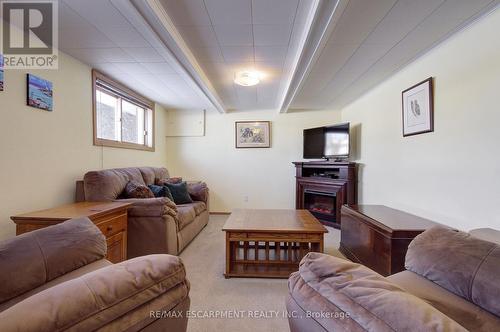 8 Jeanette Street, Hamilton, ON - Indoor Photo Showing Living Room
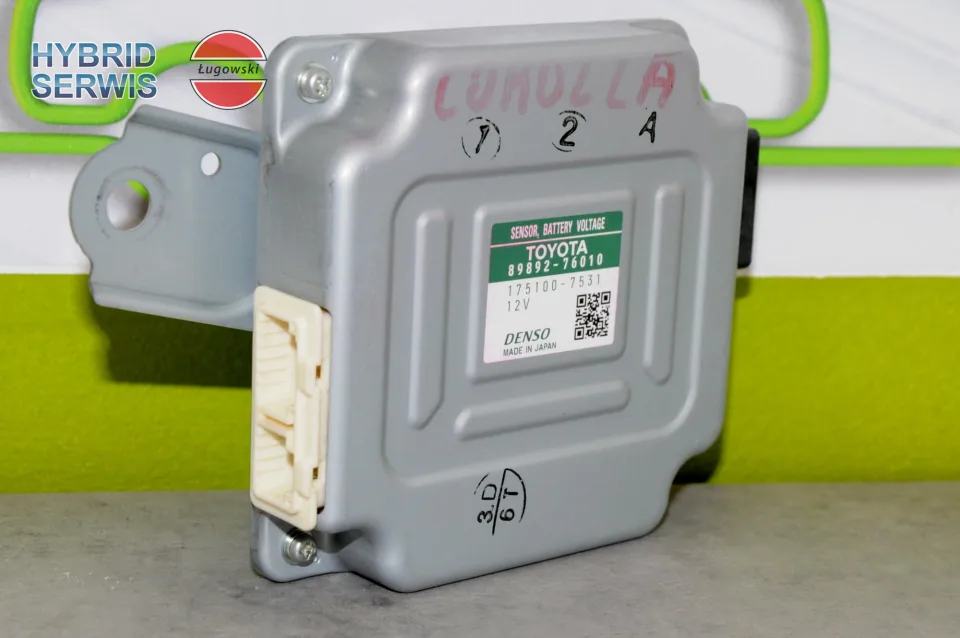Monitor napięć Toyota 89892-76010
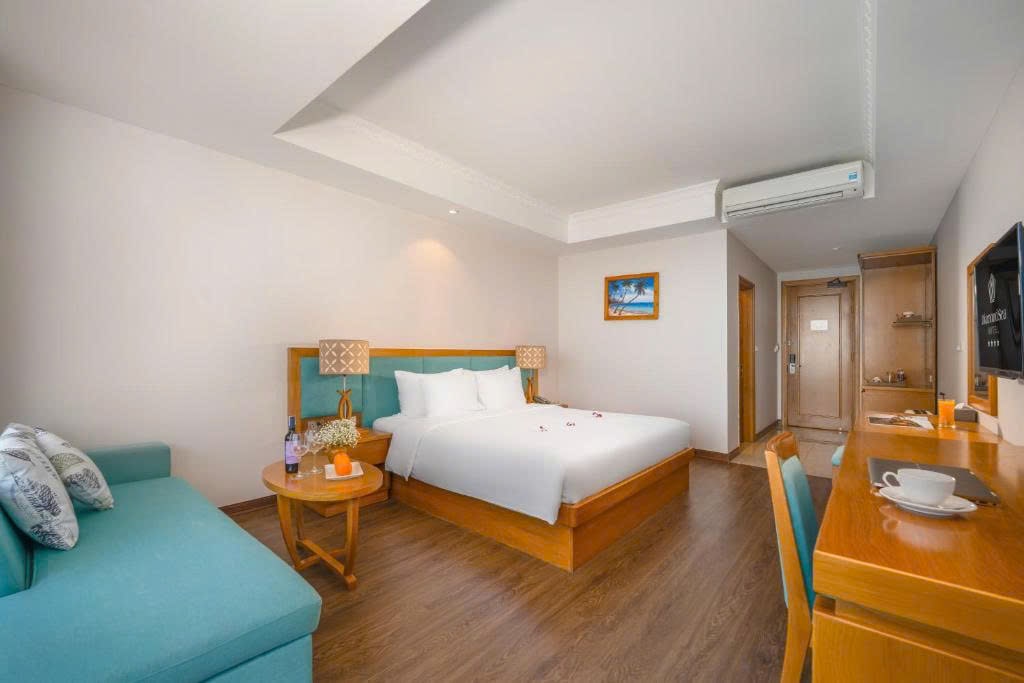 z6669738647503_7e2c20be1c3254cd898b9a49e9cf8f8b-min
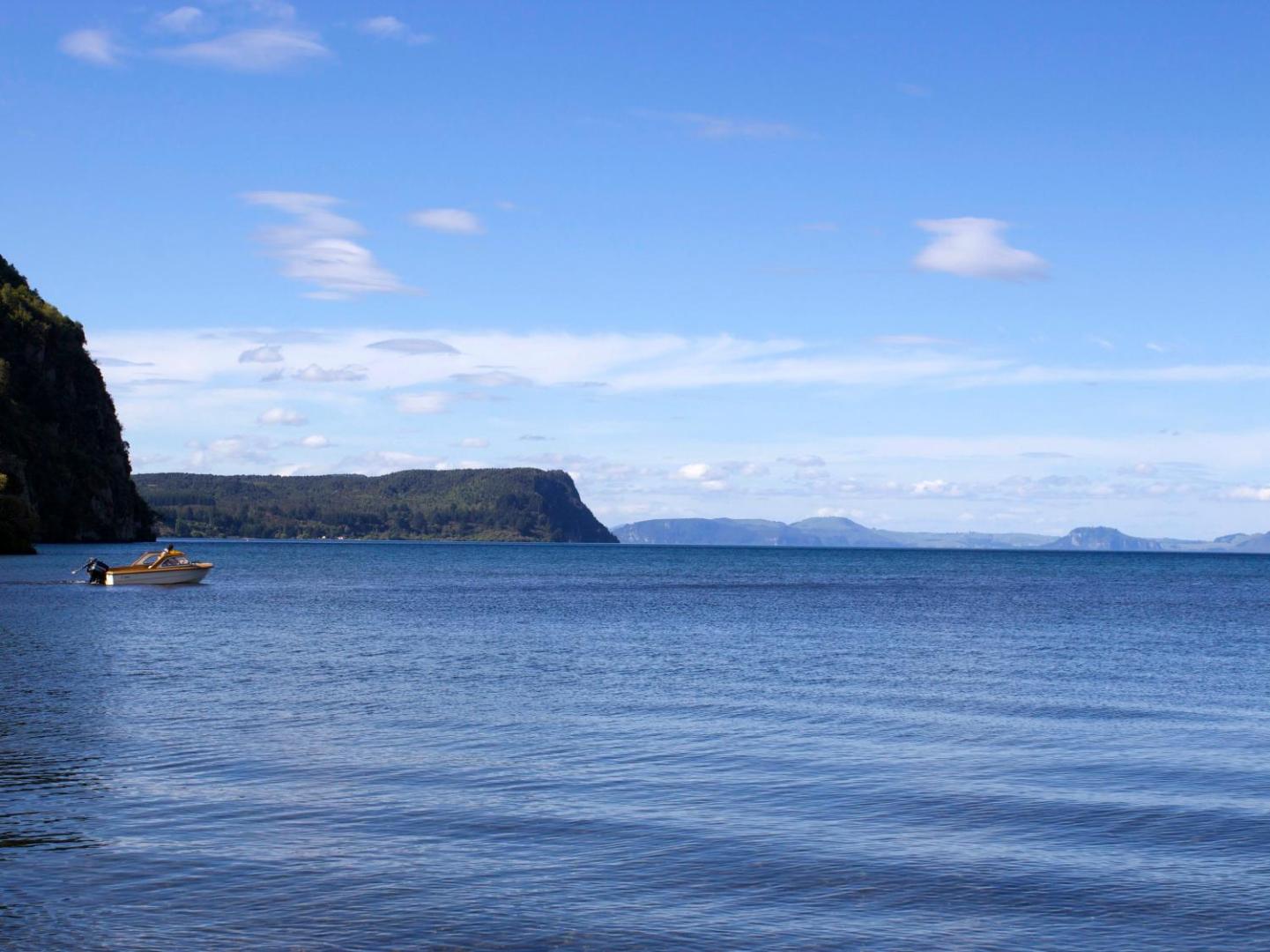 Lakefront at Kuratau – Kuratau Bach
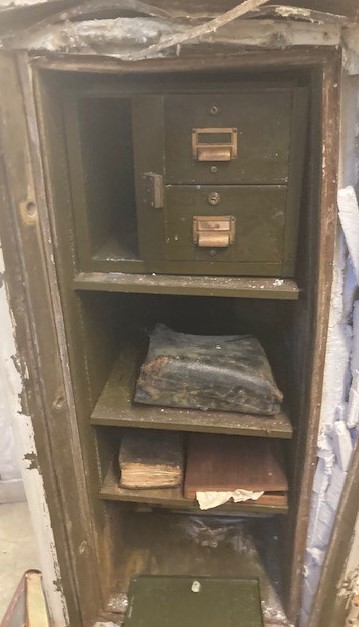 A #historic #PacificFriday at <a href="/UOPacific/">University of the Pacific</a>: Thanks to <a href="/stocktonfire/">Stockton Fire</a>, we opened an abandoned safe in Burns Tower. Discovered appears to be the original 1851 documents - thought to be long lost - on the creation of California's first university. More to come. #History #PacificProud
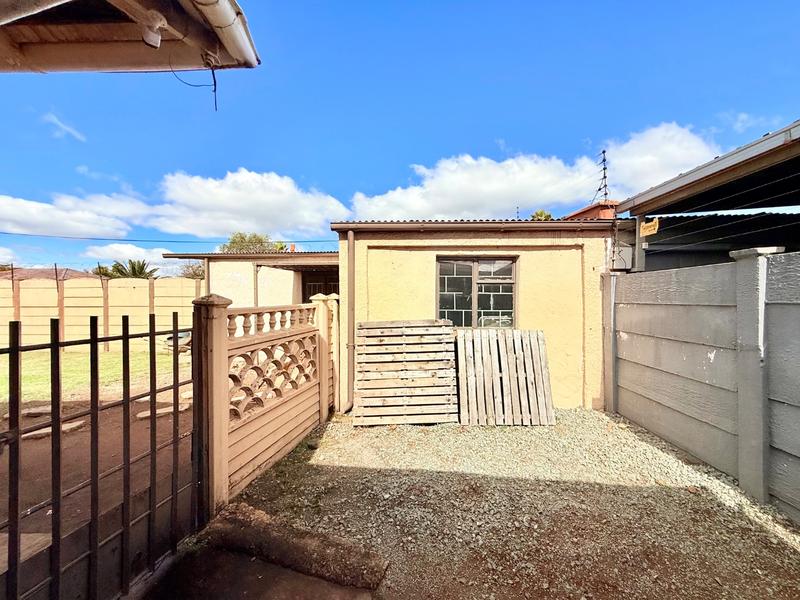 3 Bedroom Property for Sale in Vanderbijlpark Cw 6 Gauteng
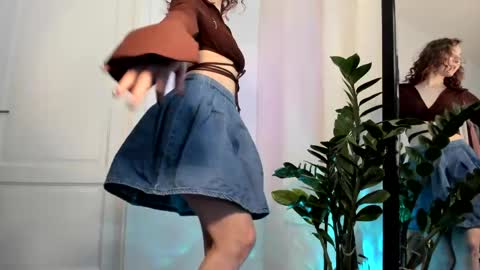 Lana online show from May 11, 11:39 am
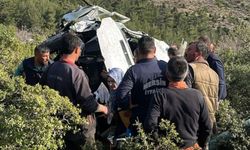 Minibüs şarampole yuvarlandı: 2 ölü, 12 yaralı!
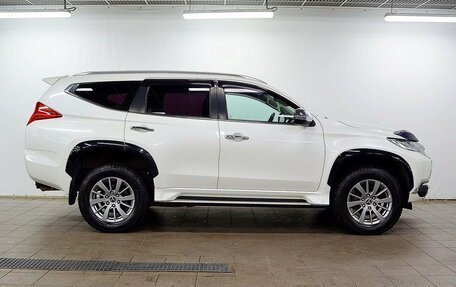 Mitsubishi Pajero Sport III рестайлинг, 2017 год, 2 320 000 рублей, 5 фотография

◆ What to produce ◆
Exactly as they appear, repeat the lines from the one containing "Minibüs şarampole yuvarlandı: 2" through the last line of the entries, counting both ends. Pictures stay out.

◆ Output of the task ◆
 Minibüs şarampole yuvarlandı: 2 ölü, 12 yaralı!
 Mitsubishi Pajero Sport III рестайлинг, 2017 год, 2 320 000 рублей, 5 фотография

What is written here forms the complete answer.